Kelaray, a subsidiary of Argonaut Resources, made the application under Section 23 of the Aboriginal Heritage Act, which allows the minister to approve the damage or disturbance of sacred sites.

An email obtained by the ABC revealed almost every Aboriginal person consulted on the project opposed it, but Mr Marshall chose to prioritise the project’s potential economic benefits.

The State Government says the drilling will not cause permanent damage.(Supplied: Rebecca Tayler)

The approval has prompted calls from the SA Greens to change the act to give Aboriginal people a greater voice.

“If we’re really going to get serious about reconciliation in this state, I think that act needs to be revisited and done properly this time,” Greens MP Tammy Franks said.

“Not rammed through Parliament in a couple of days, but properly considered and Aboriginal voices heard.

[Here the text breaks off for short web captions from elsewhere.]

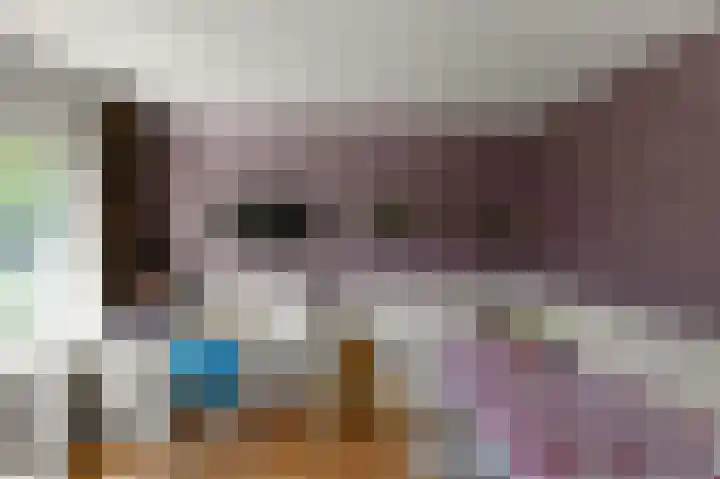 Prof ten Doesschatestraat 71 Heemskerk thumbnail 24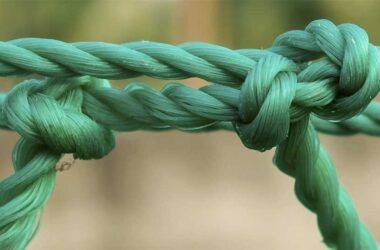 Fractured Markets, Strong Bonds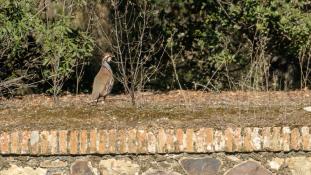 Alectoris rufa - Perdrix rouge - Red-legged Partridge (ang) - Perdiz Roja (sp)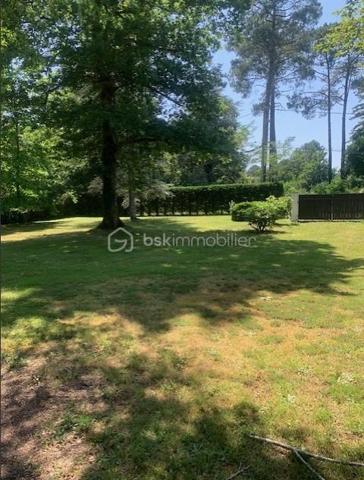 Situé sur la commune de Mont-de-Marsan dans un environnement calme proche des commodités
Terrain plat, boisé, clôturé sur 3 côtés avec portail d'accès.
Libre de constructeur pour lequel vous développer votre projet de construction.
Viabilisation partielle (téléphone et électricité) sont en limite de propriété, le tout à l'égout à quelques mètres.

Contacter Héléna RONDINAUD : 06.33.11.34.40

“The review should really listen to Aboriginal people this time.

Government defends decision

Mr Marshall was not available for an interview, but a Government spokesperson defended the Premier’s decision.

“This follows extensive consultation with Aboriginal organisations and people claiming an interest in Lake Torrens,” the spokesperson said.

“The authorisation requires Argonaut to undertake its exploration in accordance with conditions to minimise impacts of the program and to keep interested Aboriginal parties informed on a regular basis of the progress of the company’s work.”

The spokesperson said Mr Marshall also took into account:

  • a history of mineral exploration activity on Lake Torrens and close to its shoreline, with government records indicating the first exploration hole was drilled in 1960
  • the granting of 282 exploration licences over areas of Lake Torrens since the early 1970s
  • Section 23 authorisations approved in 2010 and 2018 by the former government to permit exploration on and in the vicinity of Lake Torrens
  • a separate Section 23 authorisation would have to be sought by Kelaray if exploration led to any proposal to mine at Lake Torrens

The SA Greens want changes to the state Aboriginal Heritage Act.(Supplied: Tony Magor/Department of Environment and Water)

Project on scale ‘never seen before’

SA Labor’s Aboriginal affairs spokesperson, Kyam Maher, defended the 2010 and 2018 approvals that were made when his party was in government.

Mr Maher said those projects were on a smaller scale.

“Very widescale drilling over a very large area and people are concerned that firstly, it is happening, and also what sort of conditions are on there to make sure it’s done sensibly?”

He said heritage concerns and minerals projects needed to be given equal weight.

“Once Aboriginal heritage is destroyed or damaged on such a large scale, you can’t reverse that,” Mr Maher said.

“I think people are more alive to some of the concerns that Aboriginal people and traditional owners have.”